— EXCERPTED RECORDS —

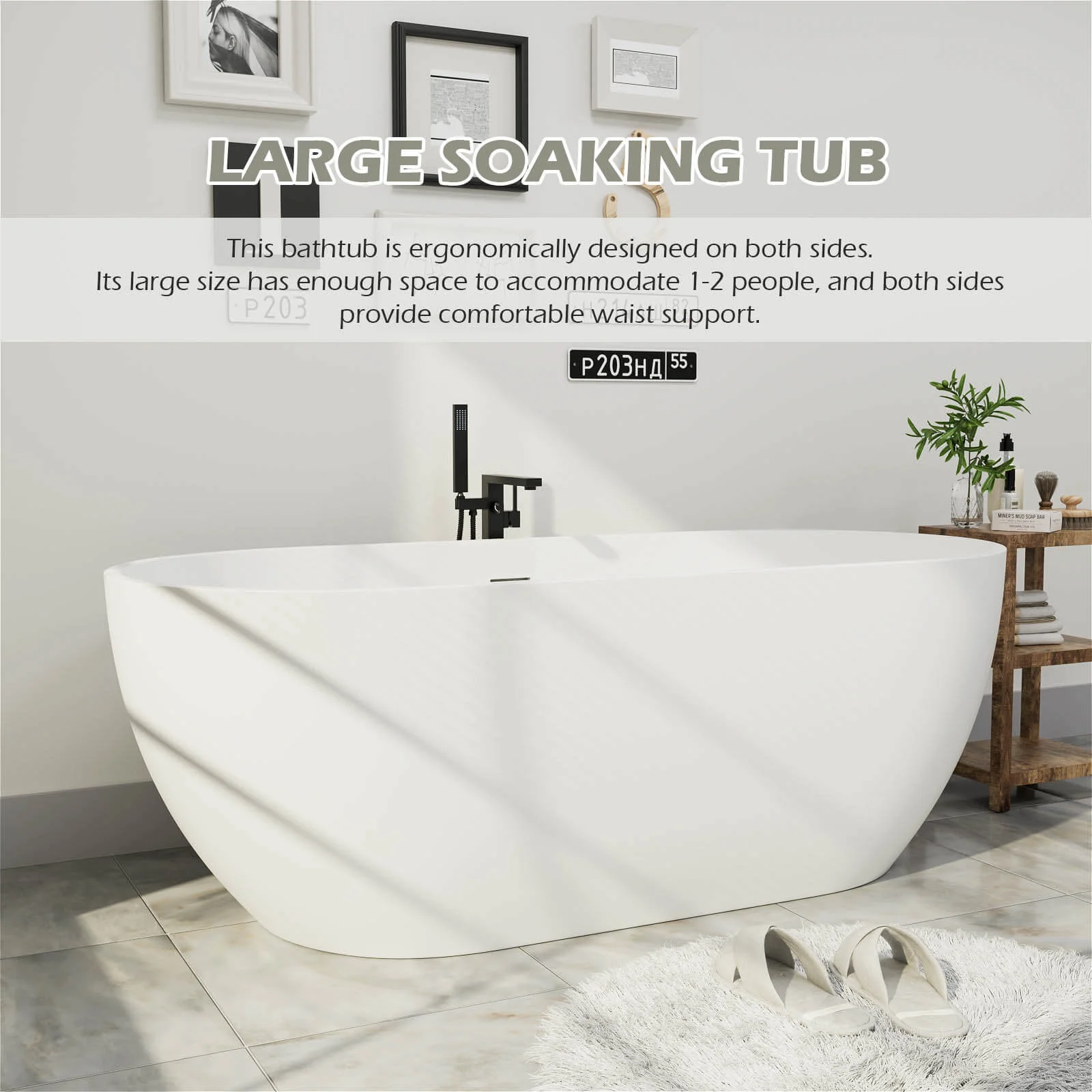 69'' Modern Bathtub Solid Surface Stone Resin Oval-shaped Freestanding Soaking Tub - Image 6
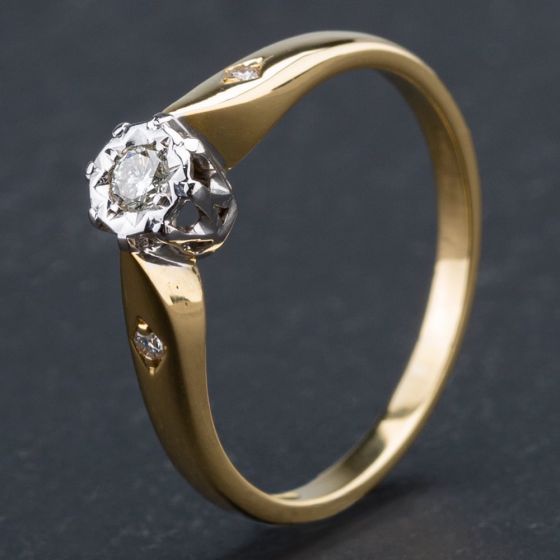 Second Hand 18ct Yellow Gold Brilliant Cut Diamond Solitaire Ring 4138067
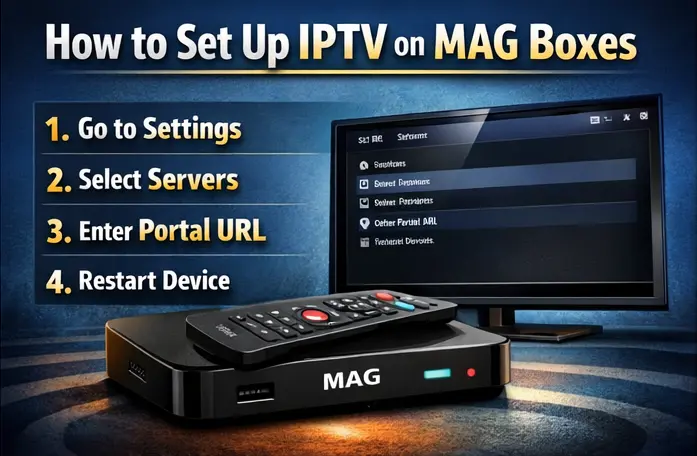 Best IPTV for MAG Boxes (2026) – 7 Powerful & Reliable Services 2 Best IPTV for MAG boxes streaming setup with high-quality display and modern entertainment interface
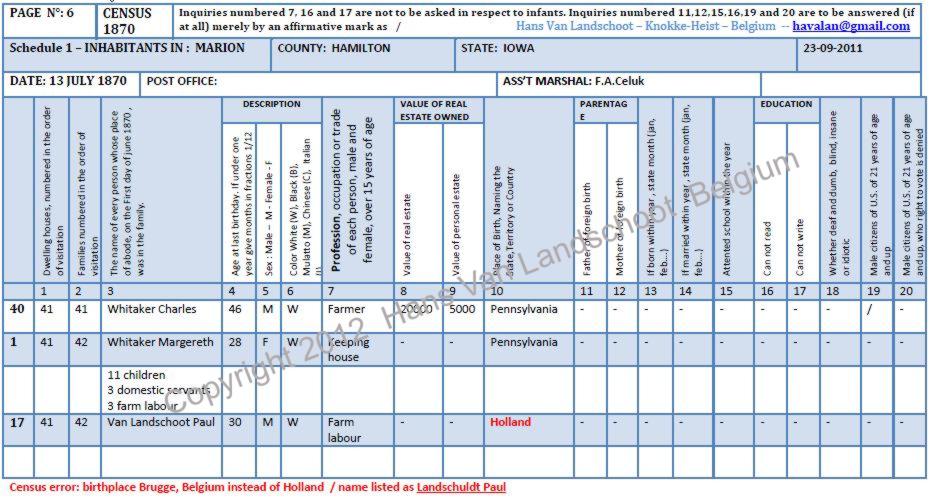Leopold Van Landschoot — 1870 census record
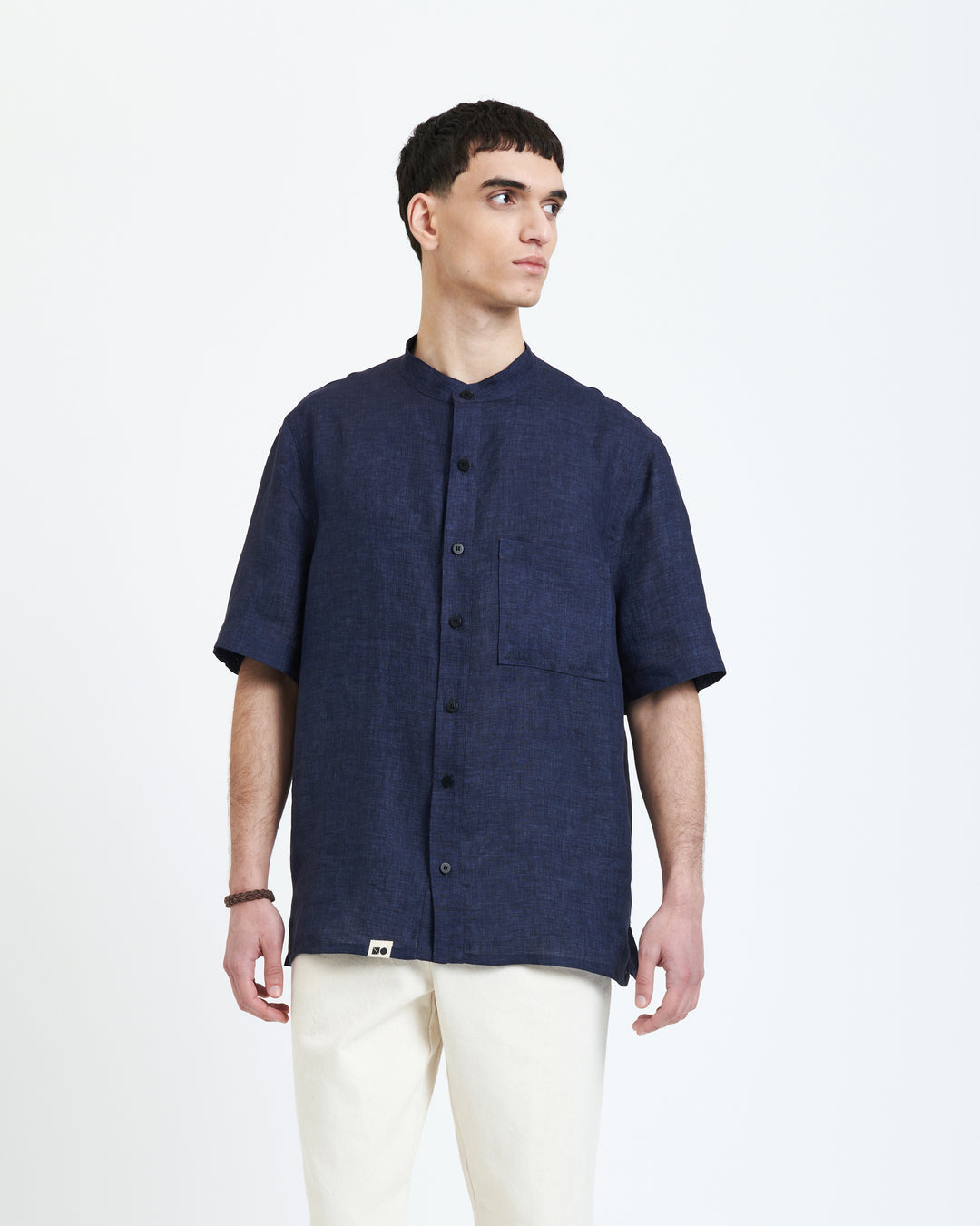 New Optimist menswear Gessetto | Linnen short-sleeve shirt Blouse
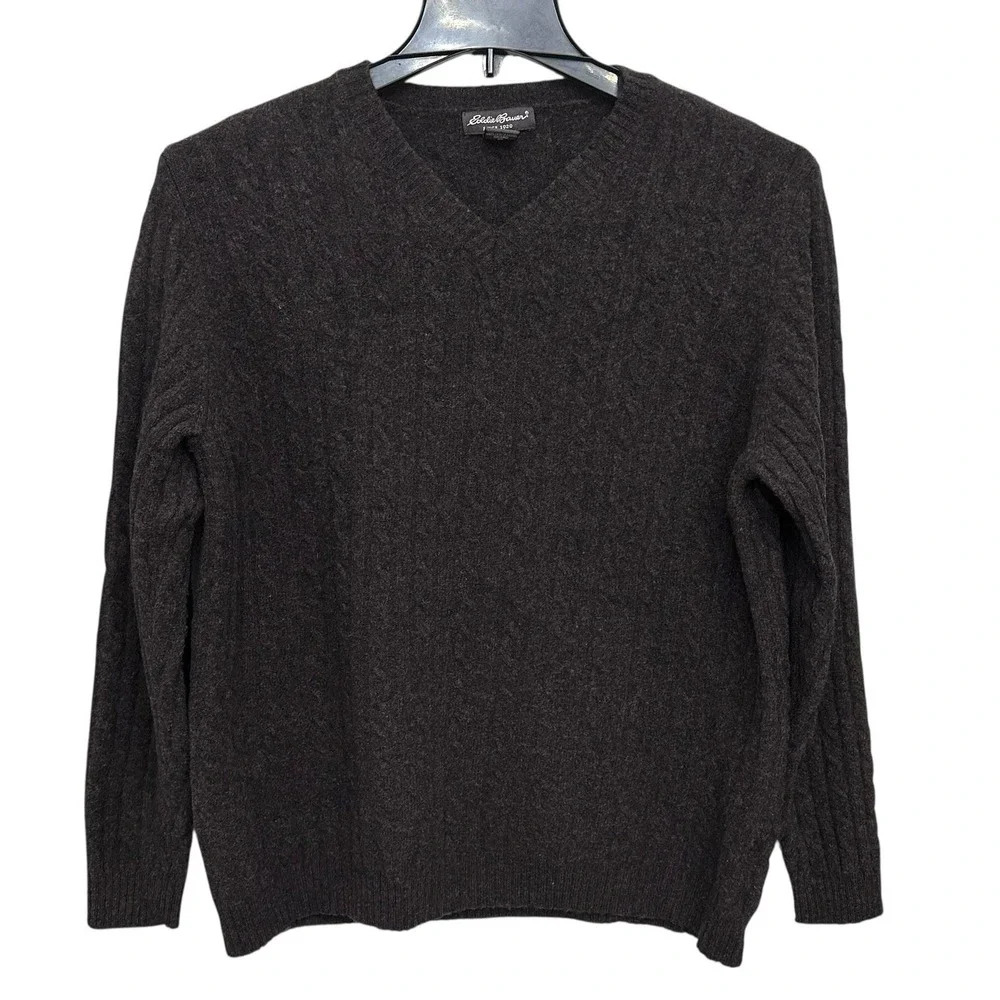 VTG Eddie Bauer Mens Lambswool Sweater XLT Cableknit Crew Neck Fisherman Brown - Picture 7 of 8
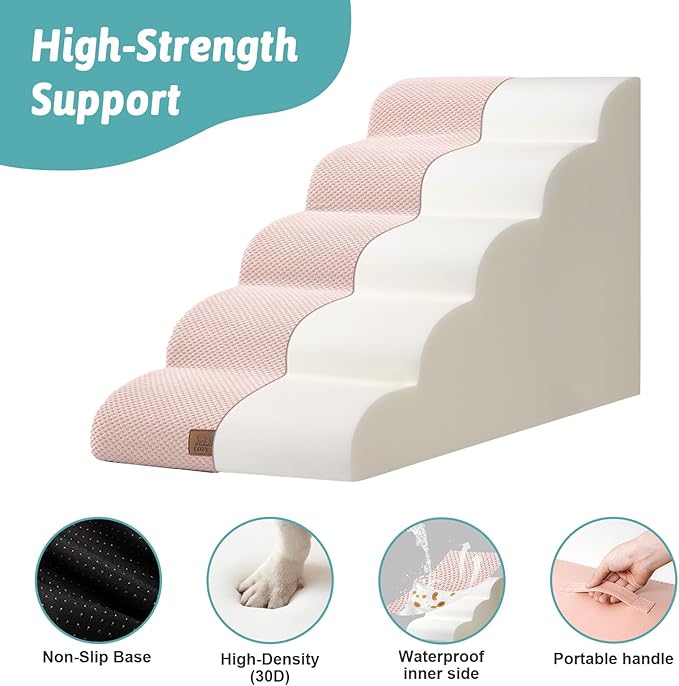 Wide Dog Stairs 19.7" Width, Pet Step for Small/Medium/Large Dog, Puppy or Cat, Pet Ramp for High Bed or Car, High Density Foam Ladder, 19.7x33x22.4 in, Stable, 5 Step, Pink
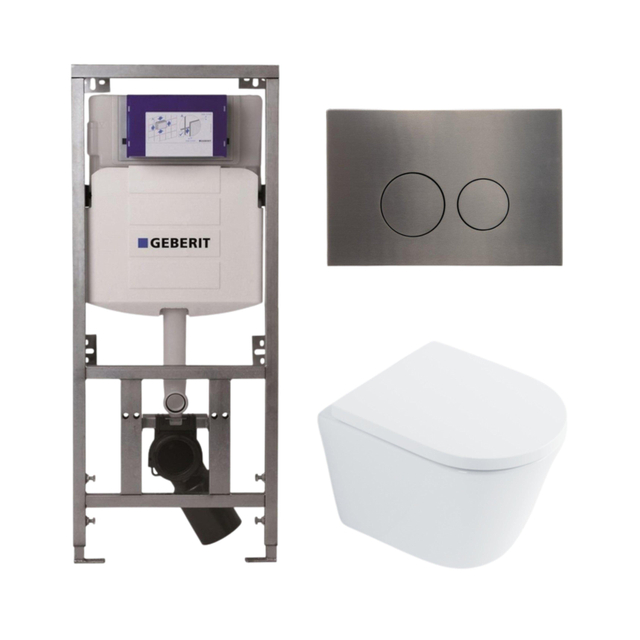 Geberit QeramiQ Dely Toiletset - 36.3x51.7cm - diepspoel - rimless -  UP320 Burda inbouwreservoir - softclose toilet zitting 35 mm - gunmetal bedieningsplaat - ronde knoppen - wit glans SW1026255 / SW1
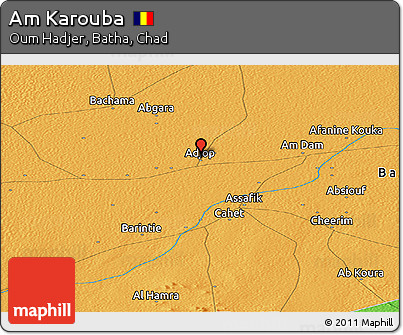 Political Panoramic Map of Am Karouba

— EXERCISE PROMPT —
Can you repeat every record above exactly, apart from the pictures?

— YOUR SOLUTION —
 69'' Modern Bathtub Solid Surface Stone Resin Oval-shaped Freestanding Soaking Tub - Image 6
 Second Hand 18ct Yellow Gold Brilliant Cut Diamond Solitaire Ring 4138067
 Best IPTV for MAG Boxes (2026) – 7 Powerful & Reliable Services 2 Best IPTV for MAG boxes streaming setup with high-quality display and modern entertainment interface
Leopold Van Landschoot — 1870 census record
 New Optimist menswear Gessetto | Linnen short-sleeve shirt Blouse
 VTG Eddie Bauer Mens Lambswool Sweater XLT Cableknit Crew Neck Fisherman Brown - Picture 7 of 8
 Wide Dog Stairs 19.7" Width, Pet Step for Small/Medium/Large Dog, Puppy or Cat, Pet Ramp for High Bed or Car, High Density Foam Ladder, 19.7x33x22.4 in, Stable, 5 Step, Pink
 Geberit QeramiQ Dely Toiletset - 36.3x51.7cm - diepspoel - rimless -  UP320 Burda inbouwreservoir - softclose toilet zitting 35 mm - gunmetal bedieningsplaat - ronde knoppen - wit glans SW1026255 / SW1
 Political Panoramic Map of Am Karouba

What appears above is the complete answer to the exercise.